Poser d’abord ces questions aux spectateurs.
Les poser ensuite aux acteurs.
« Quels sentiments Cyrano n’a pas révélé à Roxane ? »
« Qu’est-ce qui le motivait à agir ainsi ? »
« Que comprenait Roxane dans l’attitude de Cyrano ? »
« Quels ressemblances et différences y voyez-vous avec votre expérience personnelle ? »      


Cyrano de Bergerac – Dernière scène
Edmond Rostand

Cyrano :

Le Bret, je vais monter dans la lune opaline,

Sans qu’il faille inventer, aujourd’hui, de machine. . .

Le Bret :

Que dites-vous ?

Cyrano :

Mais oui, c’est là, je vous le dis,

Que l’on va m’envoyer faire mon paradis

Plus d’une âme que j’aime y doit être exilée,

Et je retrouverai Socrate et Galilée !

Le Bret : (se révoltant) :

Non, non ! C’est trop stupide à la fin, et c’est trop

Injuste ! Un tel poète ! Un cœur si grand, si haut !

Mourir ainsi !. . .Mourir !. . .

Cyrano :

Voilà Le Bret qui grogne !

Le Bret :(fondant en larmes) :

Mon cher ami. . .

Cyrano :(se soulevant, l’oeil égaré) :

Ce sont les cadets de Gascogne. . .

— La masse élémentaire. . .Eh oui !. . .voilà le hic. . .

Le Bret :

Sa science. . .dans son délire !

Cyrano :

Copernic

A dit. . .

Roxane :

Oh !

Cyrano :

Mais aussi que diable allait-il faire,

Mais que diable allait-il faire en cette galère ?. . .

Philosophe, physicien,

Rimeur, bretteur, musicien,

Et voyageur aérien,

Grand riposteur du tac au tac,

Amant aussi—pas pour son bien !—

Ci-gît Hercule-Savinien

De Cyrano de Bergerac,

Qui fut tout, et qui ne fut rien,

. . .Mais je m’en vais, pardon, je ne peux faire attendre :

Vous voyez, le rayon de lune vient me prendre !

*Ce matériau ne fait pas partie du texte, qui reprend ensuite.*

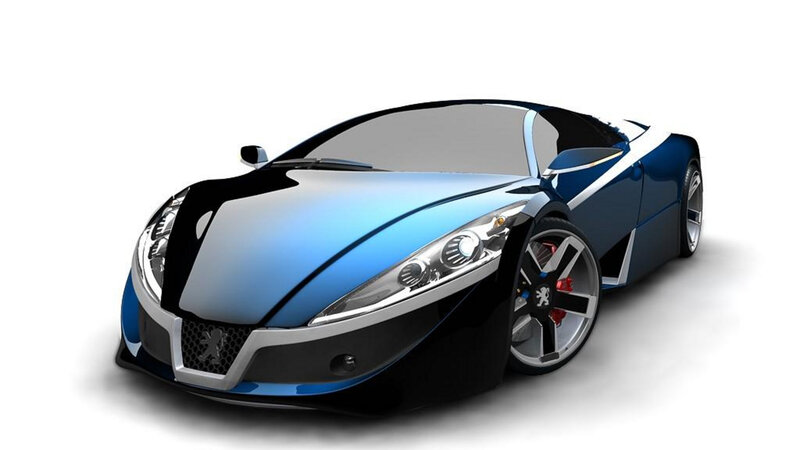 blue sports car concept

(Il se retombé assis, les pleurs de Roxane le rappellent à la réalité, il la regarde, et caressant ses voiles) :

Je ne veux pas que vous pleuriez moins ce charmant,

Ce bon, ce beau Christian ; mais je veux seulement

Que lorsque le grand froid aura pris mes vertèbres,

Vous donniez un sens double à ces voiles funèbres,

Et que son deuil sur vous devienne un peu mon deuil.

Roxane :

Je vous jure !. . .

Cyrano : (est secoué d’un grand frisson et se lève brusquement) :

Pas là ! non ! pas dans ce fauteuil !

(On veut s’élancer vers lui) :

— Ne me soutenez pas !—Personne !

(Il va s’adosser à l’arbre) :

Rien que l’arbre !

(Silence) :

Elle vient. Je me sens déjà botté de marbre,

— Ganté de plomb !

(Il se raidit) :

Oh ! mais !. . .puisqu’elle est en chemin,

Je l’attendrai debout,

(Il tire l’épée) :

et l’épée à la main !

Le Bret :

Cyrano !

Roxane : (défaillante) :

Cyrano !

(Tous reculent épouvantés.)

Cyrano :

Je crois qu’elle regarde. . .

Qu’elle ose regarder mon nez, cette Camarde

(Il lève son épée) :

Que dites-vous ?. . .C’est inutile ?. . .Je le sais !

Mais on ne se bat pas dans l’espoir du succès !

Non ! non ! c’est bien plus beau lorsque c’est inutile !

— Qu’est-ce que c’est tous ceux-là ?—Vous êtes mille ?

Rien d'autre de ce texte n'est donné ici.